» TASK DETAILS
When you transcribe the data below, reproduce every line exactly and leave each picture out.

» RAW DATA
[Start of Attachment]

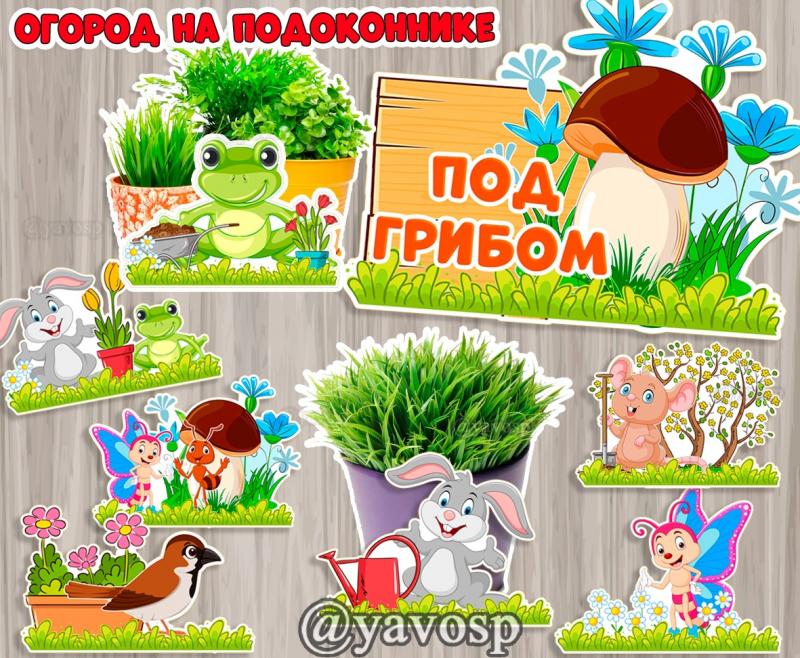 Огород на подоконнике "Под грибом" ()
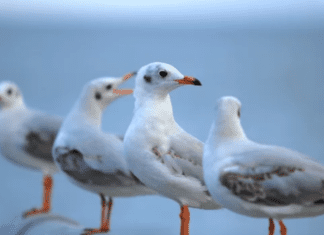 Flock Names of Birds: An In-depth Journey into Avian Terminology Flock Names of Birds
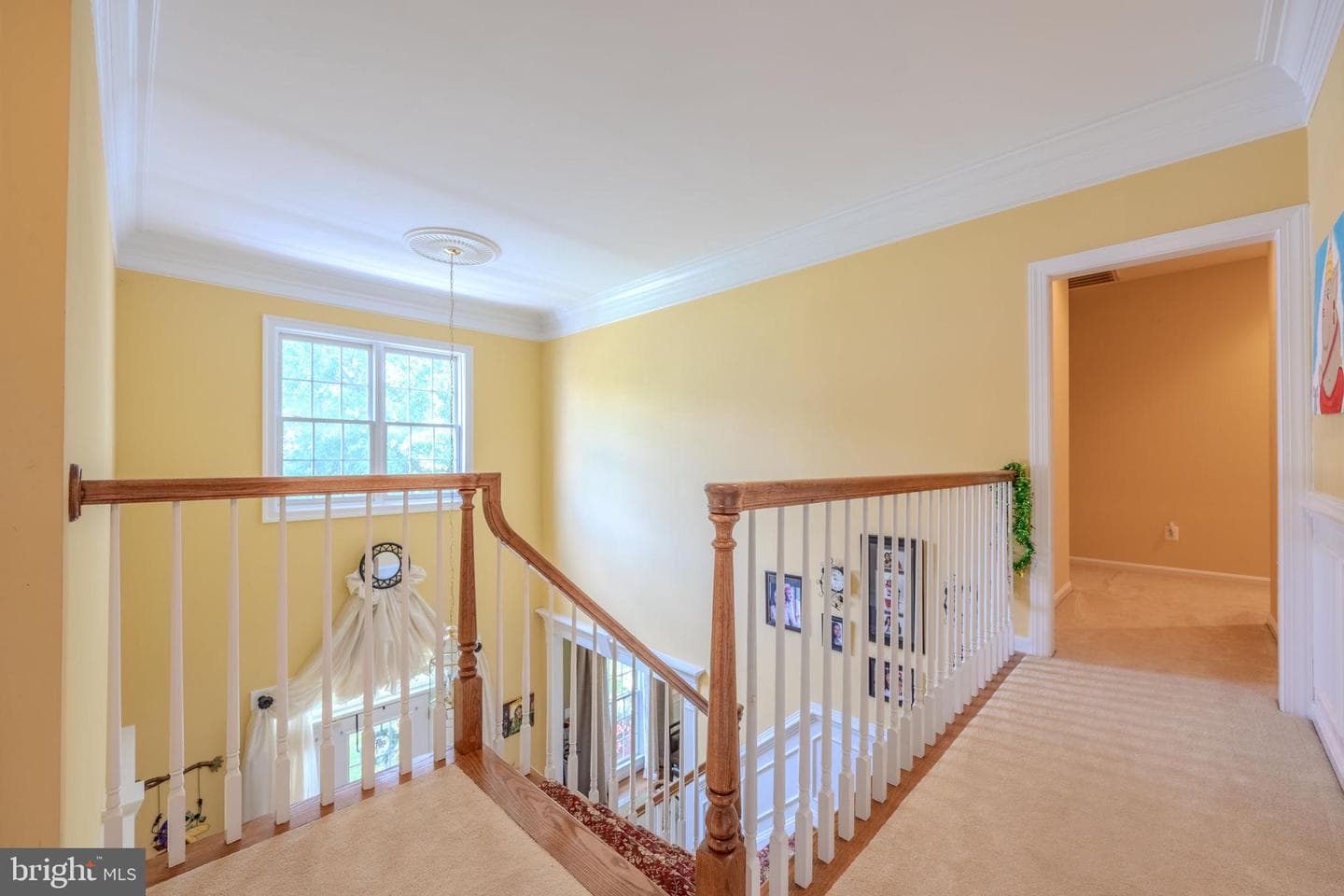 13709 Black Spruce Way photo 23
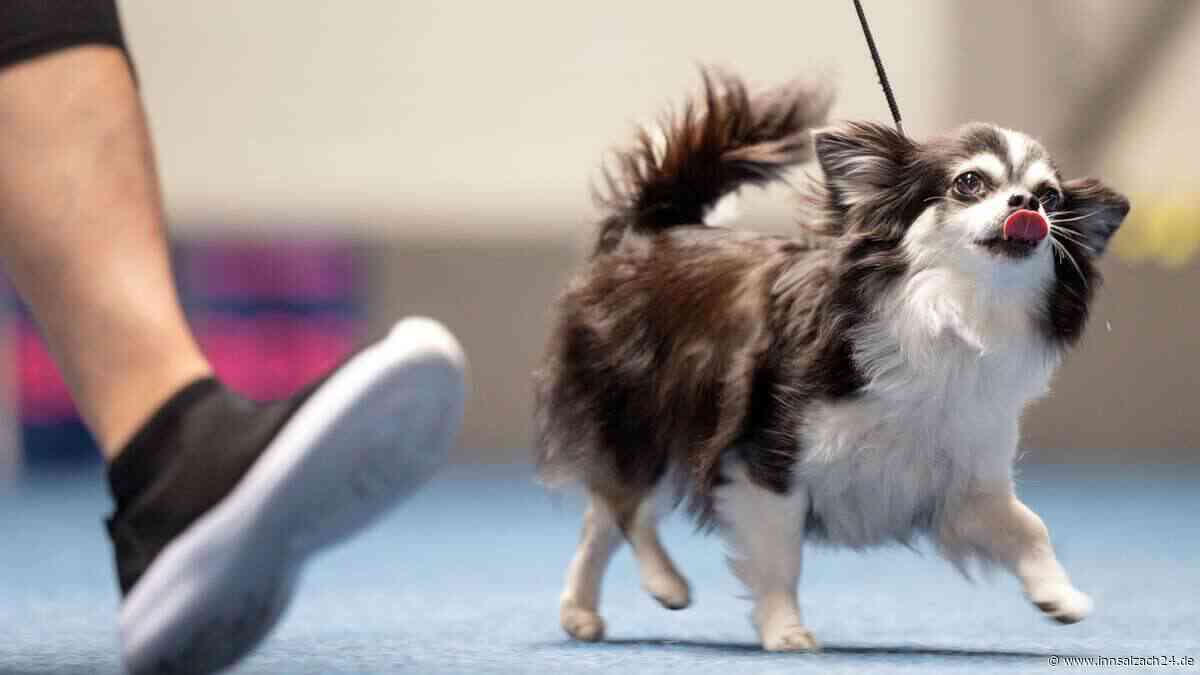 Mann (31) klaut Chihuahua und bedroht Passanten mit dem Tod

[End of Attachment]

» EXPECTED ANSWER
 Огород на подоконнике "Под грибом" ()
 Flock Names of Birds: An In-depth Journey into Avian Terminology Flock Names of Birds
 13709 Black Spruce Way photo 23
 Mann (31) klaut Chihuahua und bedroht Passanten mit dem Tod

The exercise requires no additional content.